Infrastructure Security

  • • SOC 2 or ISO 27001 controls by our infrastructure providers (where applicable)
  • • Automated backups and disaster recovery
  • • 24/7 monitoring and intrusion detection
  • • Regular security audits and penetration testing

Access Controls

  • • Multi-factor authentication (MFA)
  • • Role-based access control (RBAC)
  • • Regular access reviews and audits
  • • Employee security training

Incident Response

  • • 24/7 security operations center
  • • Automated threat detection
  • • Incident response procedures
  • • Breach notification protocols

Data Sharing & Transfers

We Do NOT Sell Your Data

NoteWave never sells, rents, or trades your personal information to third parties.

We only share user data with our trusted service providers to deliver NoteWave’s functionality. These providers process data in accordance with their own privacy and security standards. We may share data only in the following limited circumstances:

Trusted Service Providers

  • LemonSqueezy: Payment processing and subscription management
  • Supabase: Secure, scalable database storage and authentication
  • Vercel: Frontend hosting and delivery
  • Fly.io: Backend Python hosting for processing services
  • ElevenLabs: Transcription processing services
  • OpenAI/Azure: AI model processing for summaries and enhancements (if enabled)
  • Zoom / Microsoft Teams: Meeting platform integrations and recording access (when connected by user)

Legal Requirements

When required by law, court order, or government regulation

Business Transfers

In case of merger, acquisition, or sale of assets (with user notification)

With Your Consent

Any other sharing requires your explicit consent

International Transfers

Data may be processed outside your country. We use Standard Contractual Clauses (SCCs) and ensure adequate protection levels for international transfers.

Data Breach Notification

If we become aware of a personal data breach that is likely to result in a risk to users' rights or freedoms, we will notify affected users and relevant supervisory authorities without undue delay and, where feasible, within 72 hours of becoming aware of the breach.

Children and Minors

We do not knowingly collect personal information from children under 16. If we learn we have collected information from a child under 16, we will take reasonable steps to delete it as soon as possible. If you believe a user is under the minimum age, please contact us at contact@blazesolutions.ai.

Changes to this Privacy Policy

We may update this Privacy Policy from time to time. When we do, we will revise the "Last updated" date above and post the updated policy on this page. Your continued use of the Service after the effective date constitutes acceptance of the updated policy.

Data Retention

We retain data only as long as necessary for business and legal purposes:

Account Data

Retained until account deletion + 30 days for processing

Audio Files

Automatically deleted unless explicitly saved by user

Transcripts

Retained until user deletion or account termination

Analytics Data

Stored for 24 months (anonymized after 12 months)
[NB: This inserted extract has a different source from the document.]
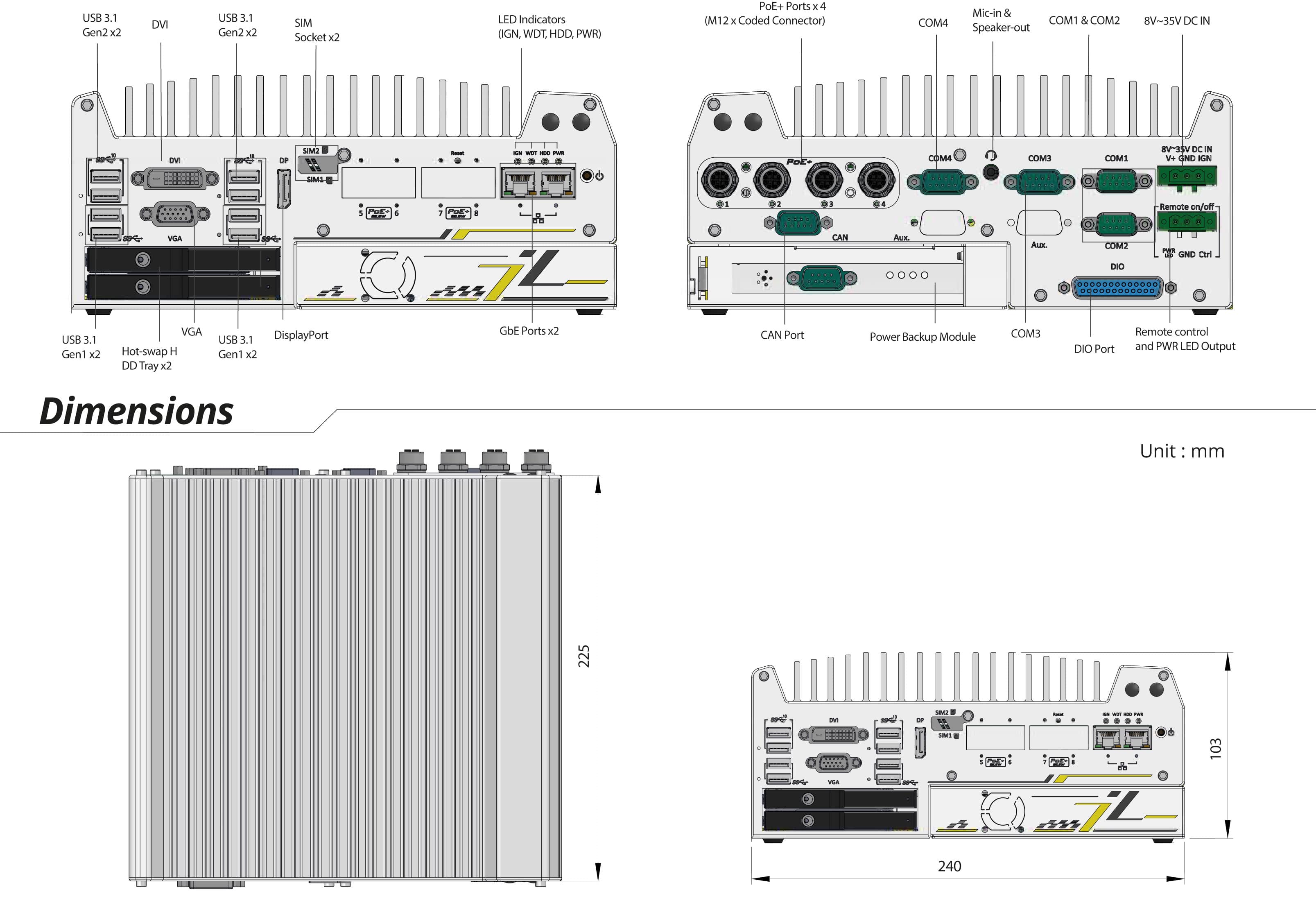 Rugged Embedded: Performance_Box-PC_GOLUB 7250 | Barebone [6x GigE, 4x PoE+ M12]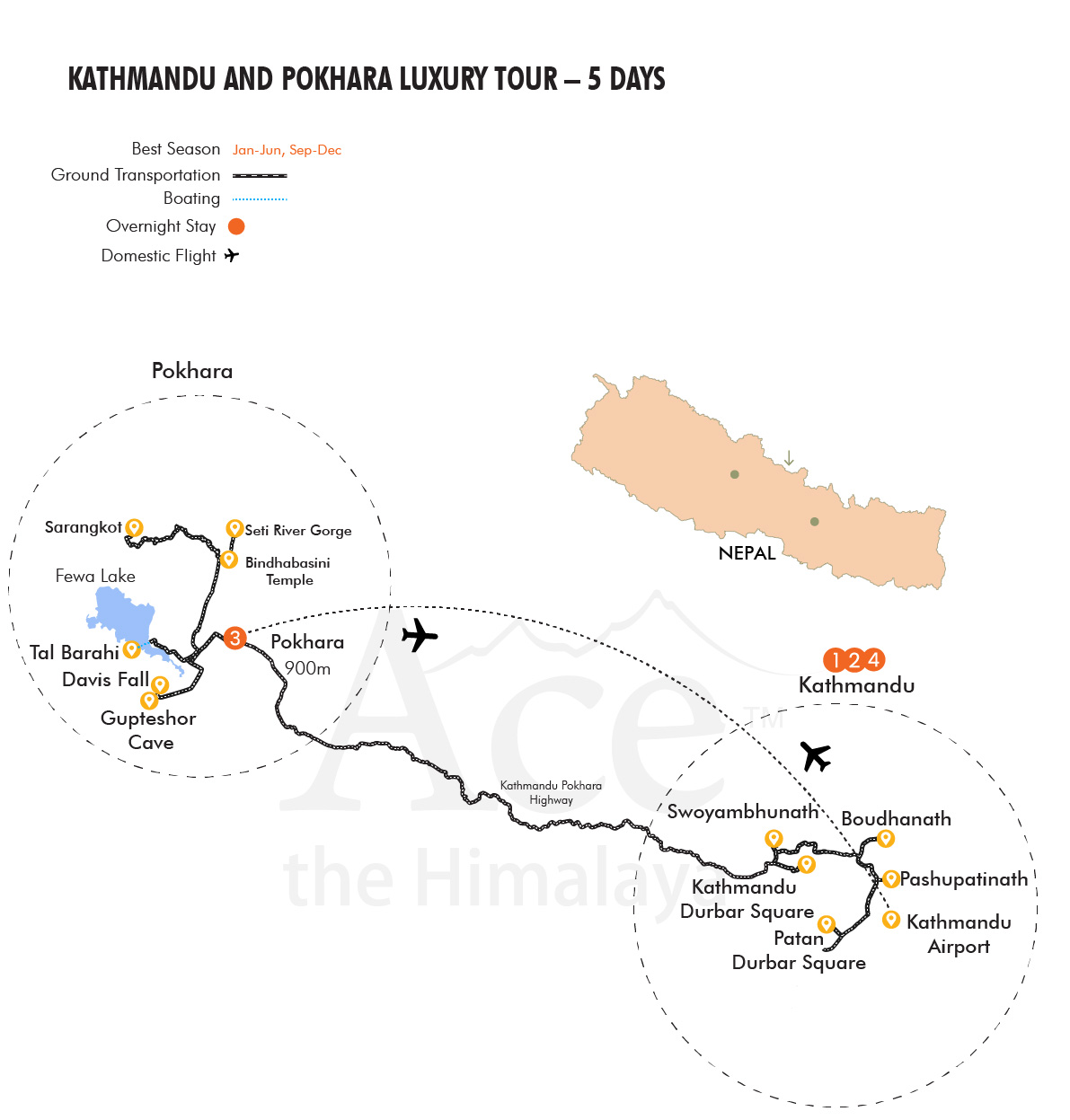 Kathmandu and Pokhara Luxury Tour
User Control: You can request deletion of your data at any time through account settings or by contacting our privacy team.

Cookies & Tracking

We use cookies and similar technologies to enhance your experience:

Essential Cookies

Login sessions, authentication, security (Required)

Analytics Cookies

Usage metrics, performance optimization (Optional)

Marketing Cookies

Advertising, remarketing campaigns (Optional)

You can manage cookie preferences through your browser settings or our consent banner. Disabling essential cookies may affect service functionality.

Contact Our Privacy Team

Privacy Department & Data Protection Officer

Blaze AI Solutions

NoteWave Development Team

📧 contact@blazesolutions.ai

Response Time: We aim to respond to privacy requests within 30 days.

Global Privacy Compliance

This Privacy Policy complies with GDPR (EU), POPIA (South Africa), CCPA (California), PIPEDA (Canada), and other international privacy laws and best practices.

I Understand and Agree

By creating an account or using NoteWave, you confirm that you have read and agree to this Privacy Policy and our Terms of Service, and that you are 16 years or older.